When run on a camera and a globally common Ikea mug, these are the results:
The output is slightly jittery, but handles rotational translation well, even with a shaky hand holding the low-resolution camera. What happens when an object is taken out of the frame?
The predictions stop for the object at the first detection, and box tracking clearly picks up that the object has left the frame, and performs the prediction and tracking once again as soon as the object re-enters the frame. It appears that the tracking works somewhat better when the model can see the mug handle, as the outputs are more jittery when the handle is not visible (presumably because it's harder to accurately ascertain the true orientation of the mug).

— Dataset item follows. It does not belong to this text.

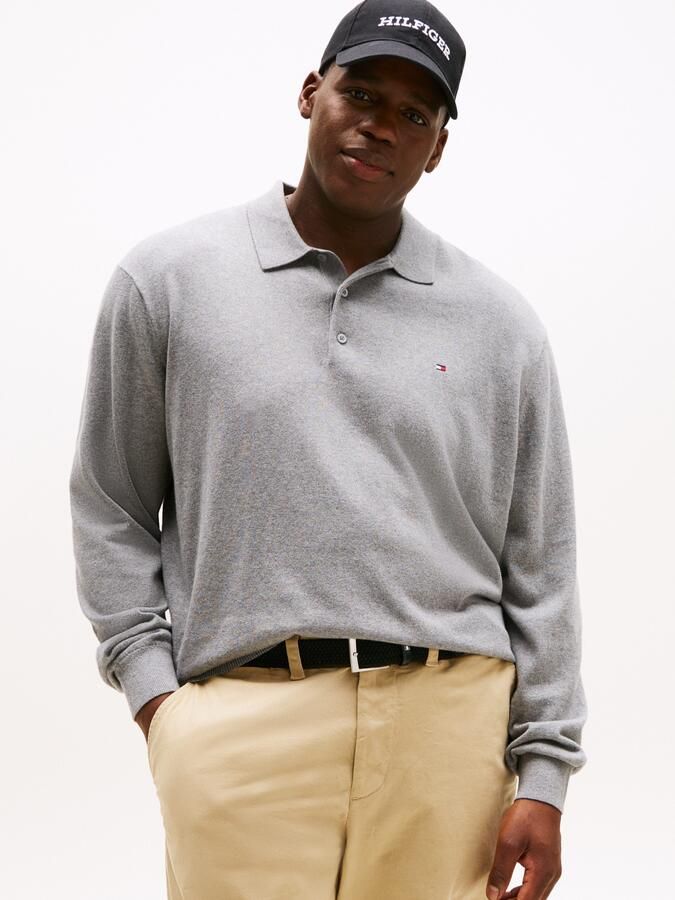 Tommy Hilfiger Trui met polokraag BT-PIMA ORG CTN CASH Grote maten regular fit polokraag - Foto 5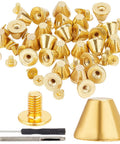 30 Sets Barrel Riveted Spikes Studs with Screwdriver and Hole Punch Tool 30 Sets Barrel Riveted Spikes Studs with Screwdriver and Hole Punch Tool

Additionally, some angles seem to produce significantly more stable outputs than others, in challenging light conditions. For mugs specifically, it helps to be able to see the lip of the mug as it helps with perspective, rather than seeing an orthogonal projection of the object.
Additionally, when tested on a transparent mug, the model had difficulties ascertaining it as a mug. This is likely an example of an out of distribution object, as most mugs are opaque and have various colors.
3D object detection is still somewhat young, and MediaPipe's Objectron is a capable demonstration! While sensitive to lighting conditions, object types (transparent vs opaque mugs, etc.) and slightly jittery - Objectron is a good glimpse into what will soon be possible to do with higher accuracy and accessibility than ever before.